EXERCISE:
From the top of the entries below through the line containing "Ліфтбек Skoda Superb", return every line exactly as written, please, and stop there.

(Stored data entries)
Content starts

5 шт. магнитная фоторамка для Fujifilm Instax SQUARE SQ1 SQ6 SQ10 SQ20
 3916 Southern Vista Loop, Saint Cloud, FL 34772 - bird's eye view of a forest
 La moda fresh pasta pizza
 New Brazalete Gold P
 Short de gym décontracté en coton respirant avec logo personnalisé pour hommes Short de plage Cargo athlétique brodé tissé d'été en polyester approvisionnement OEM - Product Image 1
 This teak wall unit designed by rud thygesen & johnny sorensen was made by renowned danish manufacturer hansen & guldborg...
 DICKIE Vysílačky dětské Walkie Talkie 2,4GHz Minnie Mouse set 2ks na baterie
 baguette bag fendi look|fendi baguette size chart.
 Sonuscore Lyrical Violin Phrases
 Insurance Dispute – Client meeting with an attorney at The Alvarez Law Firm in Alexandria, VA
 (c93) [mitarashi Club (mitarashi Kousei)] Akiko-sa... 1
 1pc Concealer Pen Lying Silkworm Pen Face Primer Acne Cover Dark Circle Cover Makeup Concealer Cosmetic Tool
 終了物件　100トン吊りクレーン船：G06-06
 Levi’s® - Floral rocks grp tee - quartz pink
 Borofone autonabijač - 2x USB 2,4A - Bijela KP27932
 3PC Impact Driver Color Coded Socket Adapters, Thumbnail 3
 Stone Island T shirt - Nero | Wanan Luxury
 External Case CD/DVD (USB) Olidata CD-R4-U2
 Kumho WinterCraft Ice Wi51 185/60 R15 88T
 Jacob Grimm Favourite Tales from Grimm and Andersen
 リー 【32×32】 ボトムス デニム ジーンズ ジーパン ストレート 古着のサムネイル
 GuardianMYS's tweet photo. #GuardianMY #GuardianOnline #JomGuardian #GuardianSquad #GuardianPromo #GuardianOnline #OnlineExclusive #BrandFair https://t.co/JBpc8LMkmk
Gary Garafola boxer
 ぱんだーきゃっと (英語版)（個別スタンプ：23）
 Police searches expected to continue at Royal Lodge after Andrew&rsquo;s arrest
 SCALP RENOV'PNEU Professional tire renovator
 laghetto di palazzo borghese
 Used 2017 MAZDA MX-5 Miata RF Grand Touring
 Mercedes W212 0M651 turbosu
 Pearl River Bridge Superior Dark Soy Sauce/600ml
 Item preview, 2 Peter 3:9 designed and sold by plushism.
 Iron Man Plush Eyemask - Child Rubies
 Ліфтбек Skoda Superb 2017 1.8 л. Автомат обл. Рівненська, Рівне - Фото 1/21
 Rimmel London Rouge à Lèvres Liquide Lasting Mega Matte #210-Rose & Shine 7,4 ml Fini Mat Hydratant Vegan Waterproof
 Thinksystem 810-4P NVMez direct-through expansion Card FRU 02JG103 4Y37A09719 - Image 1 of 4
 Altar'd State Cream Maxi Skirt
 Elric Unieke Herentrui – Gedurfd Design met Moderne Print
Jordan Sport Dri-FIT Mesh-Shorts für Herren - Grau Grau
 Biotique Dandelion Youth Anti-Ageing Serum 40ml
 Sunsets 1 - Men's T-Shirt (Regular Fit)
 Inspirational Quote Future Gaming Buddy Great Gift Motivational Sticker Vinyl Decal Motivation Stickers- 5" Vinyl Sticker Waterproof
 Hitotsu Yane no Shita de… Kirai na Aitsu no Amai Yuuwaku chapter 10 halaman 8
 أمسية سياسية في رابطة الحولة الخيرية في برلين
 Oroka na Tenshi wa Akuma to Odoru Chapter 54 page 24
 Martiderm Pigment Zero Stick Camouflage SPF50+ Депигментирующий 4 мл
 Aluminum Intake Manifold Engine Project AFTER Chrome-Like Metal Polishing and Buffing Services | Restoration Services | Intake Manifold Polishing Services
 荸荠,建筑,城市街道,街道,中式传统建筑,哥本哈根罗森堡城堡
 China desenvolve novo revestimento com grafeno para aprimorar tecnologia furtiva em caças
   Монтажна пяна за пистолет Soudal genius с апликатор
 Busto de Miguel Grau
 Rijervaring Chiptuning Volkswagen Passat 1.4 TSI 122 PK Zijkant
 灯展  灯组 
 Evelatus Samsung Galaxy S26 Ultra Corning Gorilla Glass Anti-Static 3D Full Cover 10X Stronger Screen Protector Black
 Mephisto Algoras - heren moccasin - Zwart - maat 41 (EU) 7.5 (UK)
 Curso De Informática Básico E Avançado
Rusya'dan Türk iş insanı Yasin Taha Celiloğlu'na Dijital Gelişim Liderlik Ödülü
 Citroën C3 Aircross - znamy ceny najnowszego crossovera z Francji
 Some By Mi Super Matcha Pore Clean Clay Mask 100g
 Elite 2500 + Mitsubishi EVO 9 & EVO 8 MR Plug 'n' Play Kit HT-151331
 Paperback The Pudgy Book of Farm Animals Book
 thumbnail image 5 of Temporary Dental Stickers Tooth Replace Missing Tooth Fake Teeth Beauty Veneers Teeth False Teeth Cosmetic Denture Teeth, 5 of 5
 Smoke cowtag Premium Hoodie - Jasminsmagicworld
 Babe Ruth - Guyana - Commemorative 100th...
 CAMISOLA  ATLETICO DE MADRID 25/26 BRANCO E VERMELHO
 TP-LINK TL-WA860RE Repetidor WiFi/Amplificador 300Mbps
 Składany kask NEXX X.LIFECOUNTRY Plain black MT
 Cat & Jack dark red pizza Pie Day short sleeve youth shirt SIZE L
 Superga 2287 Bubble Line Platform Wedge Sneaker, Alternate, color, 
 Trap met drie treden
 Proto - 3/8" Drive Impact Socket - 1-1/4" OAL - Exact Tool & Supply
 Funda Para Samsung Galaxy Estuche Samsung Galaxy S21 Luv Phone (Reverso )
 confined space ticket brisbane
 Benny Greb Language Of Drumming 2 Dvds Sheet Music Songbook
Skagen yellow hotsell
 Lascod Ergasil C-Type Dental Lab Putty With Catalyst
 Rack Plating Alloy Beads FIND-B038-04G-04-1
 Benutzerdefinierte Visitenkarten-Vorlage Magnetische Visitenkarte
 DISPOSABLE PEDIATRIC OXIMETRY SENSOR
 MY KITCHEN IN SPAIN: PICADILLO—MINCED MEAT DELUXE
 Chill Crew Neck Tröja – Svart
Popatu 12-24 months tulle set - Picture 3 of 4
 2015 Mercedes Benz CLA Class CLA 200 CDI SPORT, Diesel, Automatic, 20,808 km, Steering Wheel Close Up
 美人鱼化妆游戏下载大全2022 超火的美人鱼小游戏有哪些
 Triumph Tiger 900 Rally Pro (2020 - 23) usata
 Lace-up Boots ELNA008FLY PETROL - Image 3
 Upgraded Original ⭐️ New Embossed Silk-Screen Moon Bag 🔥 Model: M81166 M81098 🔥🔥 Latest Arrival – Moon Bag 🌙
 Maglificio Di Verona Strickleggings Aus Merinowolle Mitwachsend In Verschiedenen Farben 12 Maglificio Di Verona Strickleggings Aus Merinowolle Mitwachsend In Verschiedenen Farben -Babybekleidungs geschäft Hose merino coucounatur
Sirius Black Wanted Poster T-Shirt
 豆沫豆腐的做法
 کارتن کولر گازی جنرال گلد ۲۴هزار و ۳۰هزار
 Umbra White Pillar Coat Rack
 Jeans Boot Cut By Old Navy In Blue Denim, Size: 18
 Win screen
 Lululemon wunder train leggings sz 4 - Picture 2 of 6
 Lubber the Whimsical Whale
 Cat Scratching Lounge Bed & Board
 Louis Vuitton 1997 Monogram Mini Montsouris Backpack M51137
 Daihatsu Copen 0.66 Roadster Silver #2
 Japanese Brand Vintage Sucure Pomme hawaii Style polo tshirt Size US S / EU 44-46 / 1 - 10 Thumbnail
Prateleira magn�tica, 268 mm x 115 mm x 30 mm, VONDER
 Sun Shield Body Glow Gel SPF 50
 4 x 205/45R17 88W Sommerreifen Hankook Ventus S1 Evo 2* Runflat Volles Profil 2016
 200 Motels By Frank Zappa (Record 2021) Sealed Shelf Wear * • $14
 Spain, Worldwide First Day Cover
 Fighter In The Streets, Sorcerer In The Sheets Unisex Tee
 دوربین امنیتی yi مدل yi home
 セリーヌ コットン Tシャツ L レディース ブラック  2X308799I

Content ends

RESULT:
5 шт. магнитная фоторамка для Fujifilm Instax SQUARE SQ1 SQ6 SQ10 SQ20
 3916 Southern Vista Loop, Saint Cloud, FL 34772 - bird's eye view of a forest
 La moda fresh pasta pizza
 New Brazalete Gold P
 Short de gym décontracté en coton respirant avec logo personnalisé pour hommes Short de plage Cargo athlétique brodé tissé d'été en polyester approvisionnement OEM - Product Image 1
 This teak wall unit designed by rud thygesen & johnny sorensen was made by renowned danish manufacturer hansen & guldborg...
 DICKIE Vysílačky dětské Walkie Talkie 2,4GHz Minnie Mouse set 2ks na baterie
 baguette bag fendi look|fendi baguette size chart.
 Sonuscore Lyrical Violin Phrases
 Insurance Dispute – Client meeting with an attorney at The Alvarez Law Firm in Alexandria, VA
 (c93) [mitarashi Club (mitarashi Kousei)] Akiko-sa... 1
 1pc Concealer Pen Lying Silkworm Pen Face Primer Acne Cover Dark Circle Cover Makeup Concealer Cosmetic Tool
 終了物件　100トン吊りクレーン船：G06-06
 Levi’s® - Floral rocks grp tee - quartz pink
 Borofone autonabijač - 2x USB 2,4A - Bijela KP27932
 3PC Impact Driver Color Coded Socket Adapters, Thumbnail 3
 Stone Island T shirt - Nero | Wanan Luxury
 External Case CD/DVD (USB) Olidata CD-R4-U2
 Kumho WinterCraft Ice Wi51 185/60 R15 88T
 Jacob Grimm Favourite Tales from Grimm and Andersen
 リー 【32×32】 ボトムス デニム ジーンズ ジーパン ストレート 古着のサムネイル
 GuardianMYS's tweet photo. #GuardianMY #GuardianOnline #JomGuardian #GuardianSquad #GuardianPromo #GuardianOnline #OnlineExclusive #BrandFair https://t.co/JBpc8LMkmk
Gary Garafola boxer
 ぱんだーきゃっと (英語版)（個別スタンプ：23）
 Police searches expected to continue at Royal Lodge after Andrew&rsquo;s arrest
 SCALP RENOV'PNEU Professional tire renovator
 laghetto di palazzo borghese
 Used 2017 MAZDA MX-5 Miata RF Grand Touring
 Mercedes W212 0M651 turbosu
 Pearl River Bridge Superior Dark Soy Sauce/600ml
 Item preview, 2 Peter 3:9 designed and sold by plushism.
 Iron Man Plush Eyemask - Child Rubies
 Ліфтбек Skoda Superb 2017 1.8 л. Автомат обл. Рівненська, Рівне - Фото 1/21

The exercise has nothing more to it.